======== Entries supplied ========
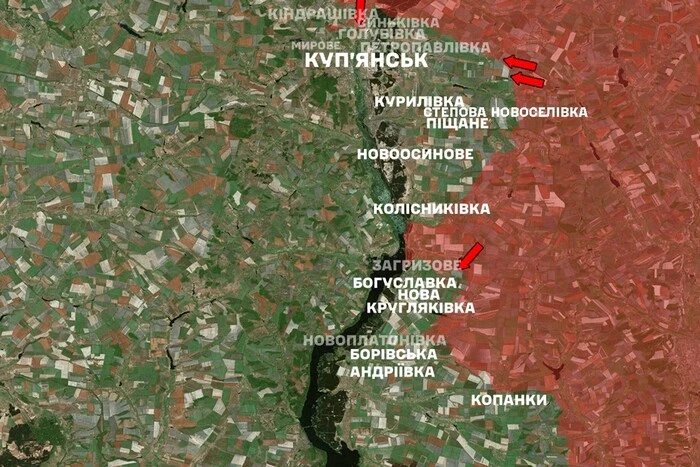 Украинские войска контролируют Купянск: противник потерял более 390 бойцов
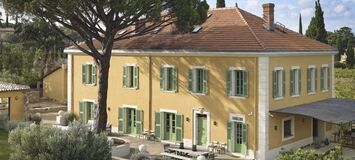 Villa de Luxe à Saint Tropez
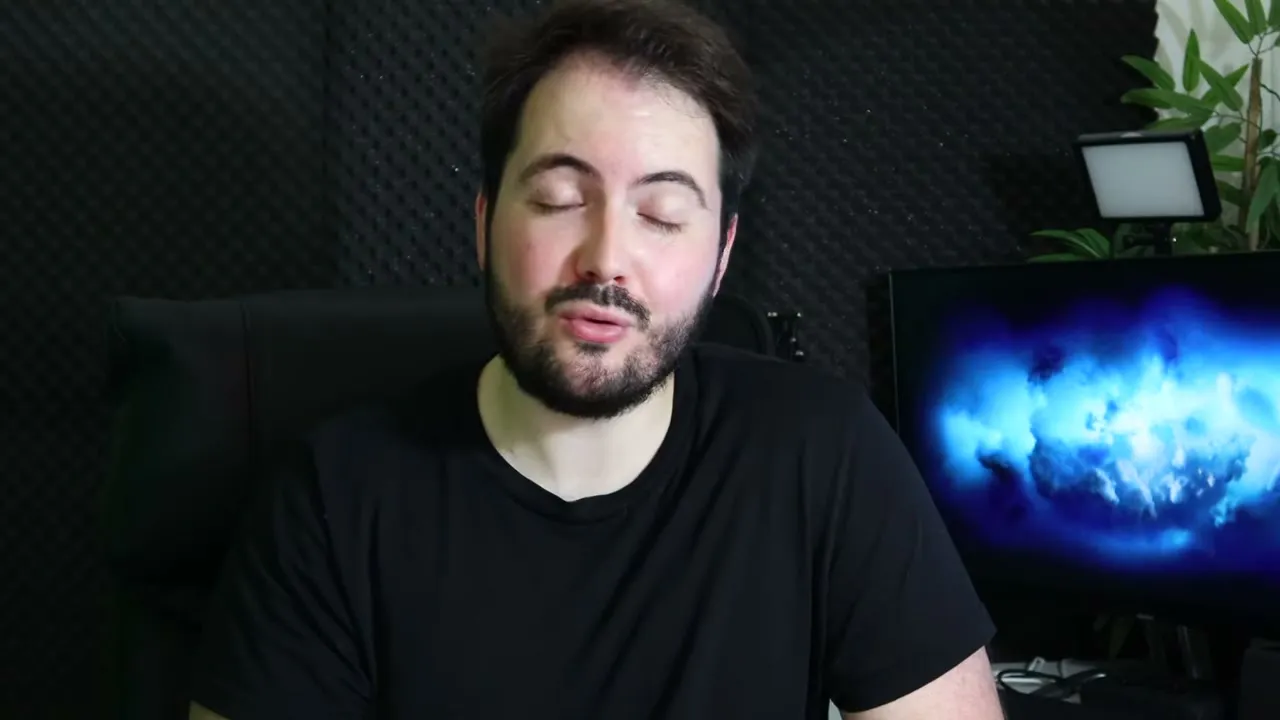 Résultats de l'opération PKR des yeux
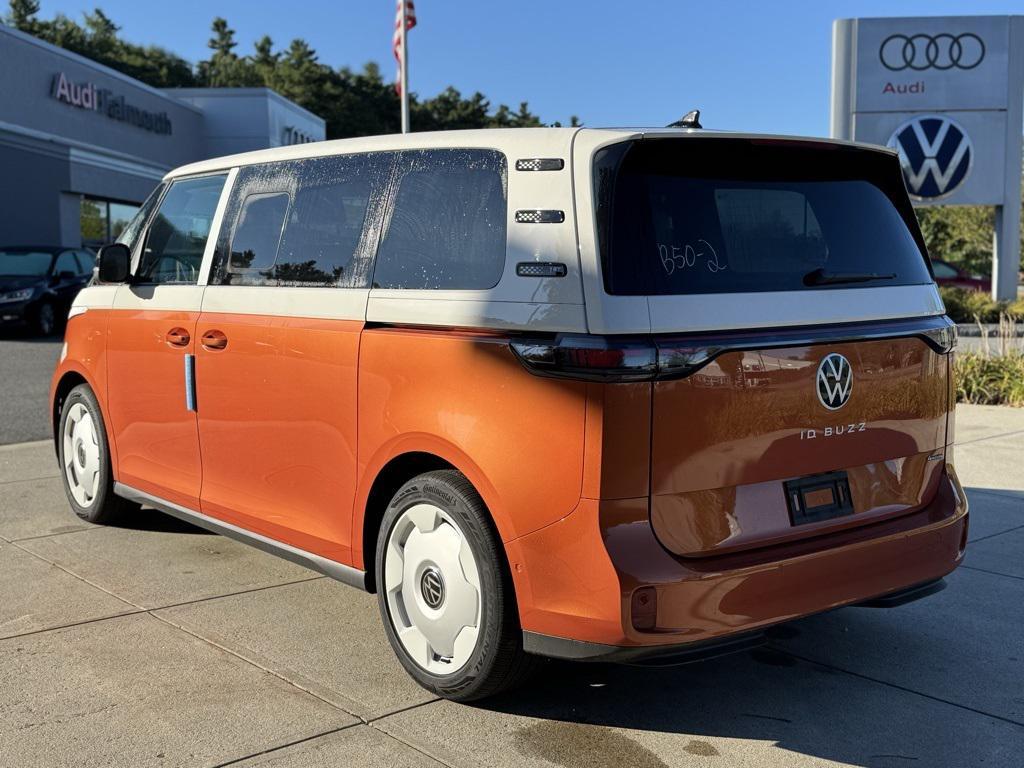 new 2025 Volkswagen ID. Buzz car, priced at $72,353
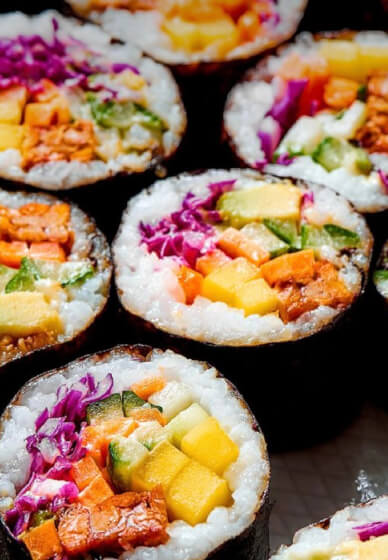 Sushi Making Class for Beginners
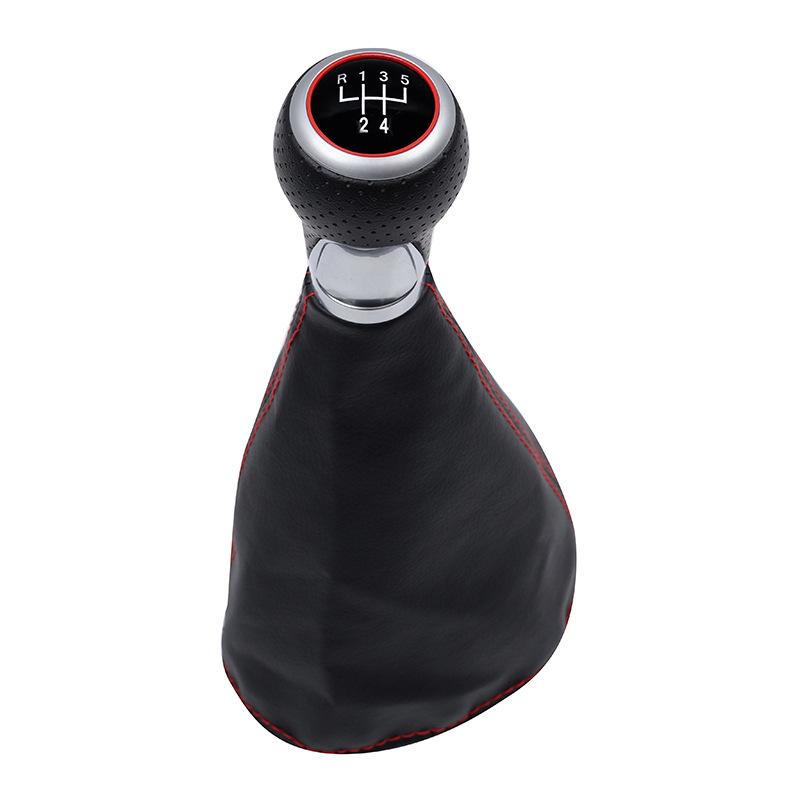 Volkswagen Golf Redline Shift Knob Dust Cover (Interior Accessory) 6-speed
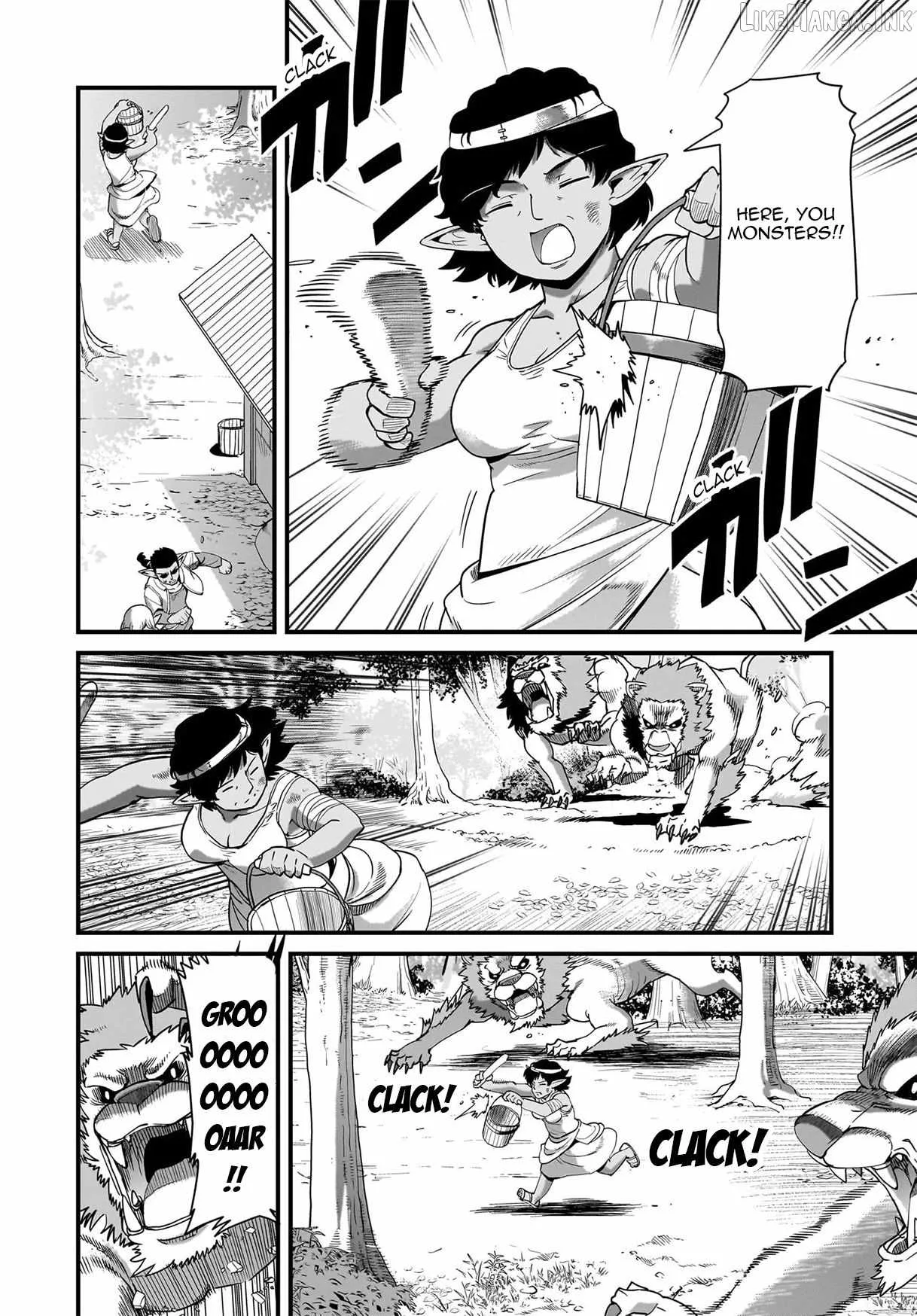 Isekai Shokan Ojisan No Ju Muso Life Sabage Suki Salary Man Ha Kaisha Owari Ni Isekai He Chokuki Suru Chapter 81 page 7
========
* Task statement: The records above need to be restated word for word, with the pictures left out.

* Response area:
 Украинские войска контролируют Купянск: противник потерял более 390 бойцов
 Villa de Luxe à Saint Tropez
 Résultats de l'opération PKR des yeux
 new 2025 Volkswagen ID. Buzz car, priced at $72,353
 Sushi Making Class for Beginners
 Volkswagen Golf Redline Shift Knob Dust Cover (Interior Accessory) 6-speed
 Isekai Shokan Ojisan No Ju Muso Life Sabage Suki Salary Man Ha Kaisha Owari Ni Isekai He Chokuki Suru Chapter 81 page 7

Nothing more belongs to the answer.